Skip to content

Cost Optimization

Overview

Strategies for optimizing ML costs on AWS.

AWS Cost Management Tools

Tool Purpose
Cost Explorer Visualize and analyze costs
AWS Budgets Set cost alerts
Savings Plans Commit to usage for discounts
Spot Instances Use spare capacity
Compute Optimizer Right-sizing recommendations

SageMaker Cost Optimization

Training Costs

Spot Training

Save up to 90% on training costs.

estimator = Estimator(
    ...
    use_spot_instances=True,
    max_wait=3600,
    max_run=1800,
    checkpoint_s3_uri="s3://bucket/checkpoints/"
)

Right-sizing Instances

Instance Type Use Case
ml.m5.* General purpose
ml.c5.* CPU-intensive
ml.p3./ml.g4dn.
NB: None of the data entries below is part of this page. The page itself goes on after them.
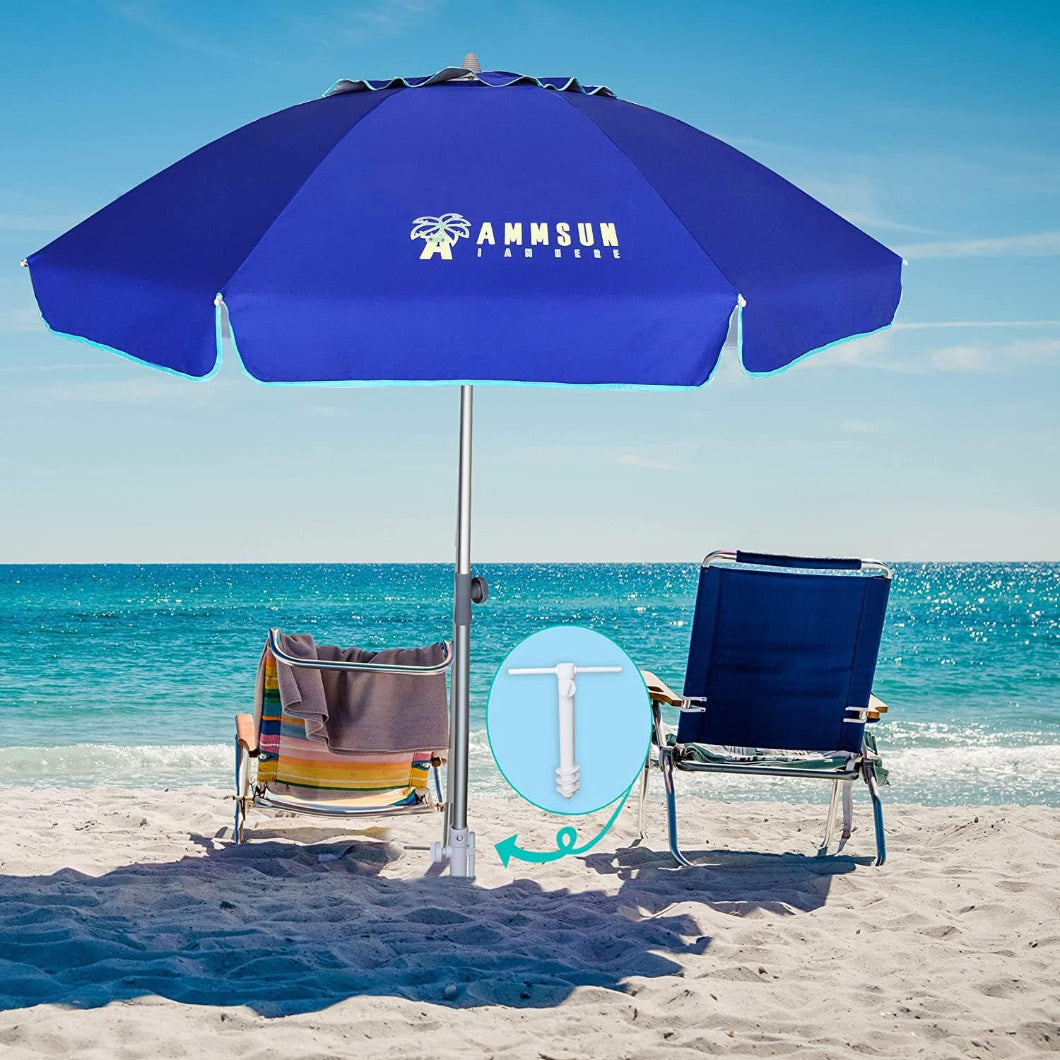 AMMSUN 7ft blue beach umbrellas for sand heavy duty wind portable with beach umbrella sand anchor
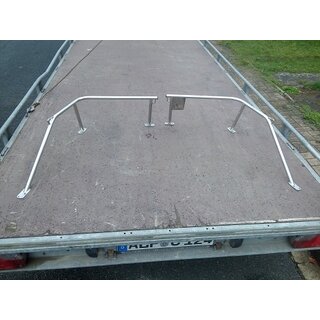 Geteilter Heckkorb 22mm Grundplatte hinten 46 bis 52cm in der Breite nach Vorn 58 bis 73cm, 3 Befestigungen. Hhe 27,5cm Leisure 22 gebraucht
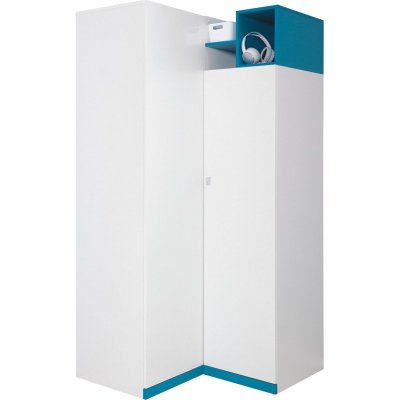 Mobi Eckschrank für das Jugendzimmer  gelb und weiss, blau und weiss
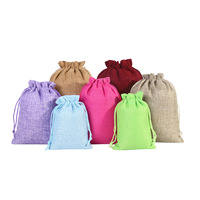 Offre Spéciale pochette en jute avec logo personnalisé sacs à cordon en mousseline de lin et coton fin sacs à provisions de couleur naturelle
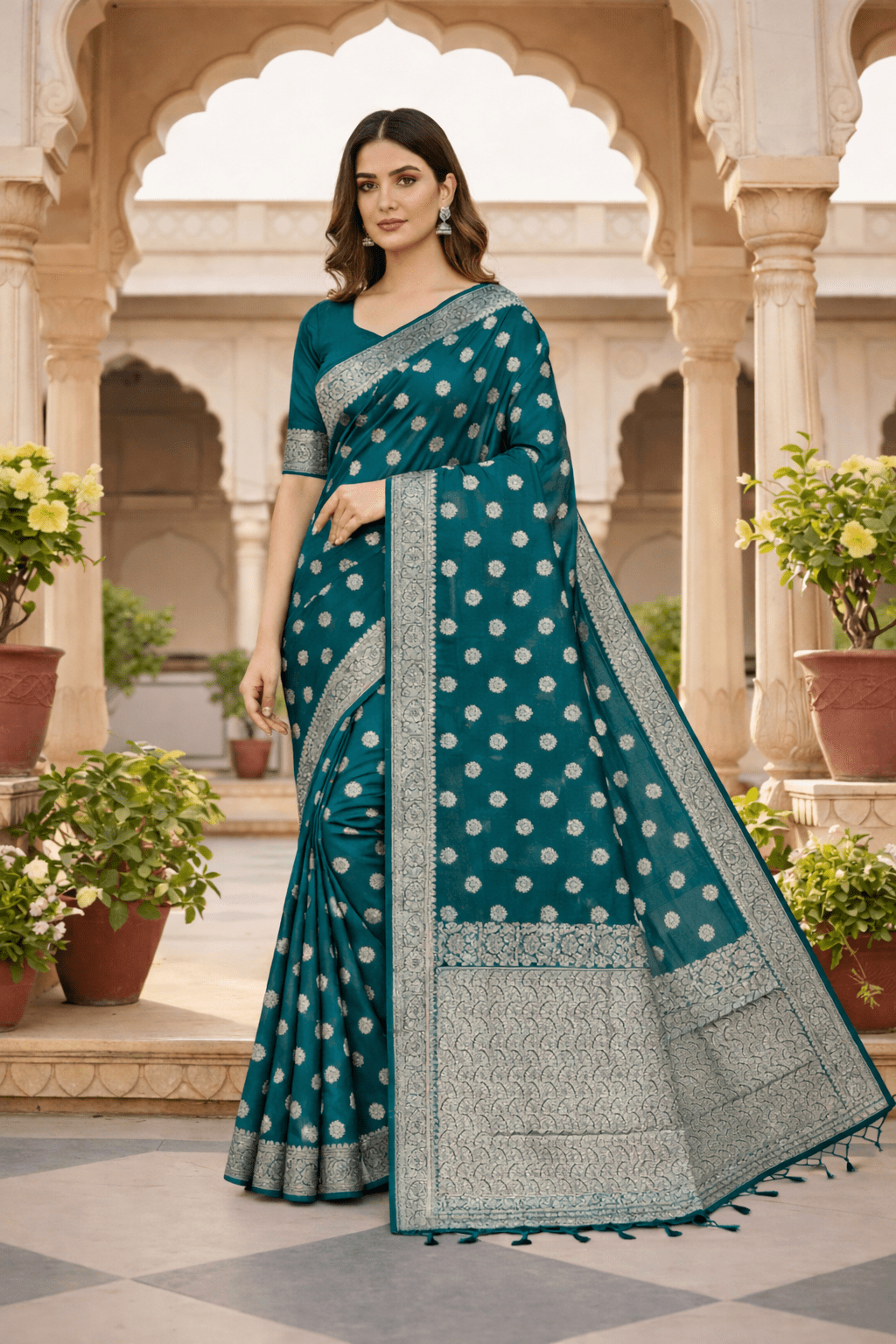 Peacock Green Banarasi Silk Saree with Golden Zari Work and Blouse Piece - Saree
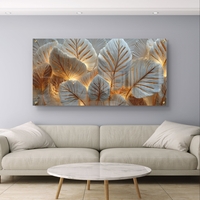 עלי זהב ולבן על זכוכית – תמונת זכוכית יוקרתית למשרד ולסלון | GX4175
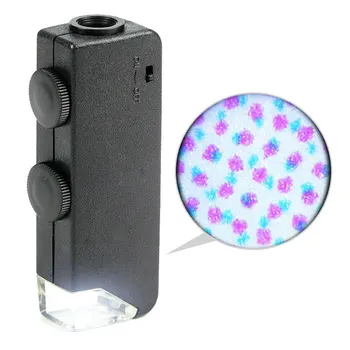 Ročni Mikroskop, Povečava 60X-100X Nastavljiva Mini Žepni Prenosni Mikroskopom Magnifer LED Žarnica Svetlobo Nakit Povečevalno Steklo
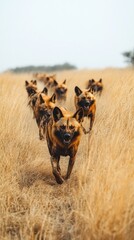A pack of wild dogs running through tall grass in a natural setting.
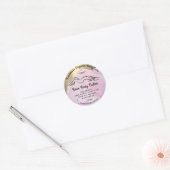 Lichaamsbutter Balm Verpakking Roze Gold Stroke Ronde Sticker (Envelop)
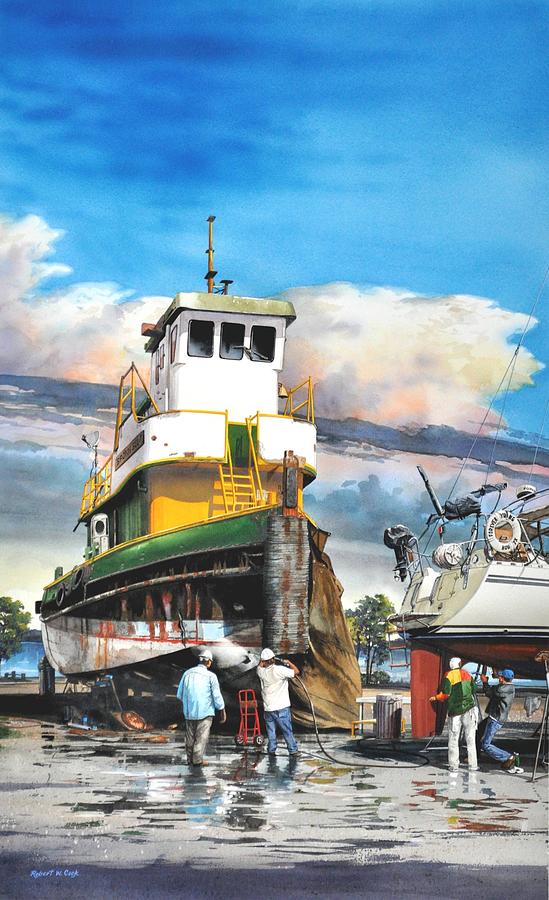 Tugboat Brown Gulf Painting by Robert W Cook 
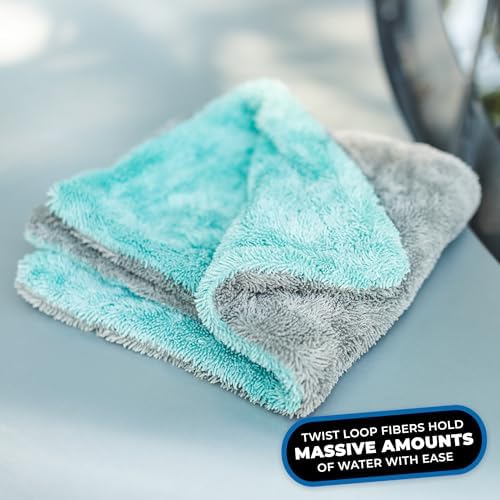 The Rag Company Liquid8r Car Drying Towel, Aqua Blue/Grey, 16x16 in, 2-Pack - Image 3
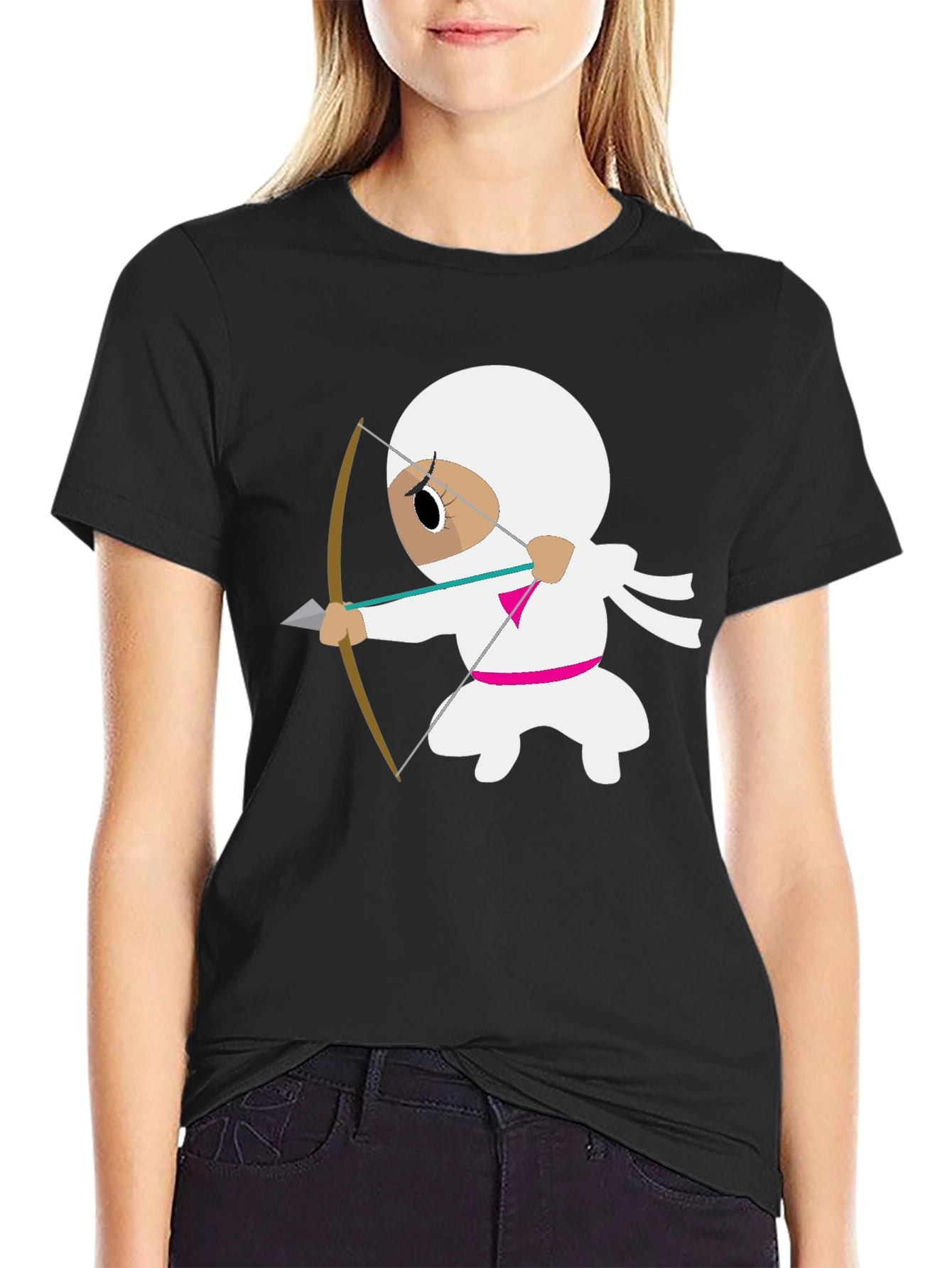 Ninja Archer Graphic Tee - Black Cotton T-Shirt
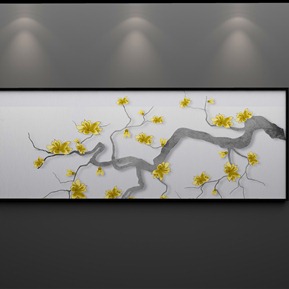 新中式 植物画 抽象手绘金色森林玄关床头装饰画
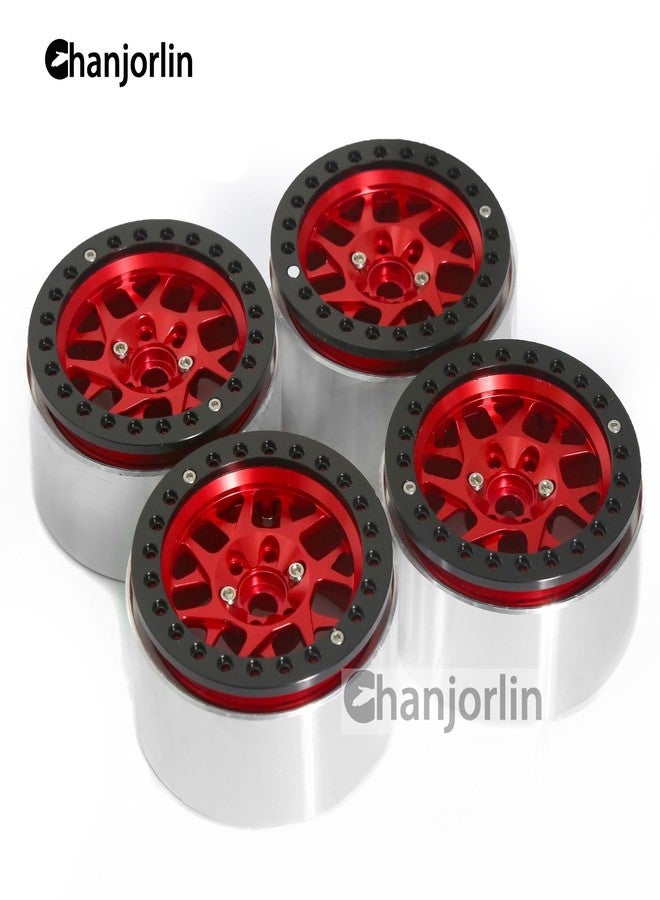 Chanjorlin 2.2 RC Beadlock Wheels Rims 12mm Hex 1/10 Aluminum Alloy Mud Slingers Hubs for 1:10 Rock Crawler Car Axial SCX10 Tamiya CC01 D90 RR10 RC4WD Gen8 Traxxas TRX4 2.2" Tires 4PCS (Red) - Image 3
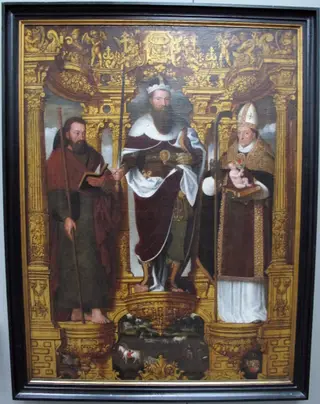 Saints Bavo, James the Great and Willibrord, by Pieter Claeissens the Elder, oil, 1574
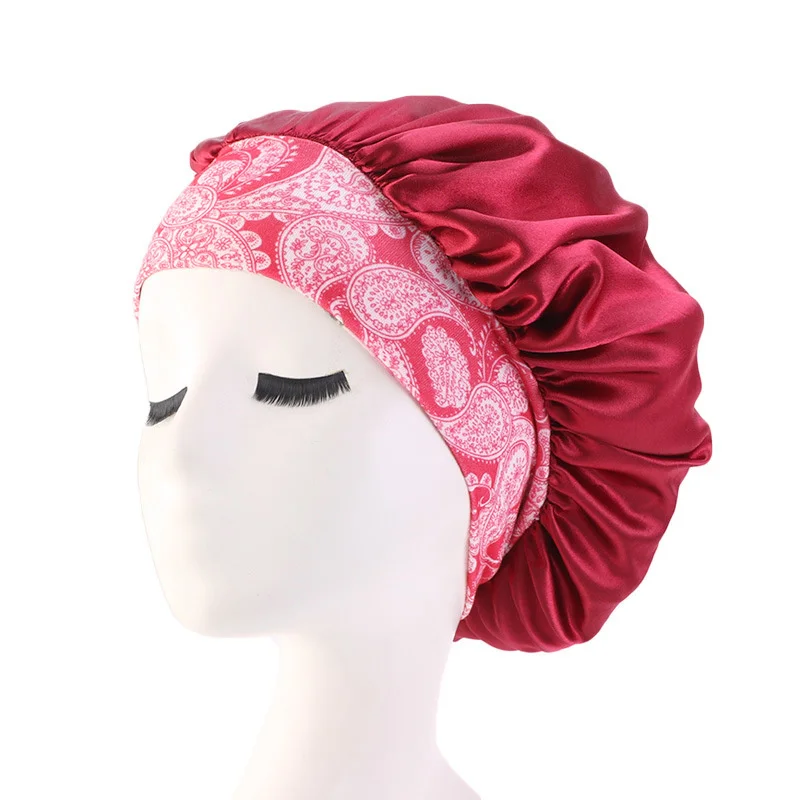 Ladies Wide Band Elastic Hair Styling Caps Night Sleeping Hat Women Silk Bonnet Soft Long Care Cosmetic | Красота и здоровье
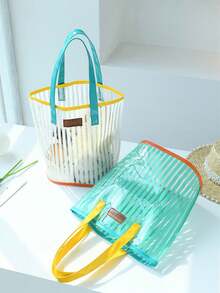 Transparent PVC Tote Bag, Waterproof Large Beach Bag, Clear Handbag, Makeup Bag, Shopping Bag, Jelly Bag, Gift Bag, Shoulder Bag, Party Bag, Wedding Birthday Party Gift Bag, Craft Tote Bag, Party Gift, Birthday Decor, Party Gift Decor, Wedding Decor, Party Supplies, Fashion Waterproof Bag Make Up Bag Makeup Pouch Cosmetic Bag Toiletry Bag Wash Bag Travel Essential Cruise Essential Vacation Essentials For Men Women Travel Containers Holiday Essential Gifts For Women - Multicolor - View 6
Deep learning
ml.r5.* Memory-intensive

Managed Warm Pools

Reduce training startup time.

estimator = Estimator(
    ...
    keep_alive_period_in_seconds=3600  # 1 hour
)

Inference Costs

Serverless Endpoints

Pay per request, no idle costs.

serverless_config = ServerlessInferenceConfig(
    memory_size_in_mb=2048,
    max_concurrency=10
)

Multi-Model Endpoints

Host multiple models on single instance.

mme = MultiDataModel(
    name="mme-endpoint",
    model_data_prefix="s3://bucket/models/",
    image_uri=image_uri,
    role=role
)

Auto Scaling

Scale to zero during low traffic (Serverless) or minimum capacity.

Storage Costs

  • Use S3 lifecycle policies for old data
  • Clean up unused model artifacts
  • Use appropriate storage classes

AWS Budgets

import boto3

budgets = boto3.client("budgets")

budgets.create_budget(
    AccountId="123456789012",
    Budget={
        "BudgetName": "ML-Monthly-Budget",
        "BudgetLimit": {"Amount": "1000", "Unit": "USD"},
        "TimeUnit": "MONTHLY",
        "BudgetType": "COST"
    },
    NotificationsWithSubscribers=[{
        "Notification": {
            "NotificationType": "ACTUAL",
            "ComparisonOperator": "GREATER_THAN",
            "Threshold": 80,
            "ThresholdType": "PERCENTAGE"
        },
        "Subscribers": [{
            "SubscriptionType": "EMAIL",
            "Address": "team@example.com"
        }]
    }]
)

Cost Allocation Tags

Track costs by project, team, or environment.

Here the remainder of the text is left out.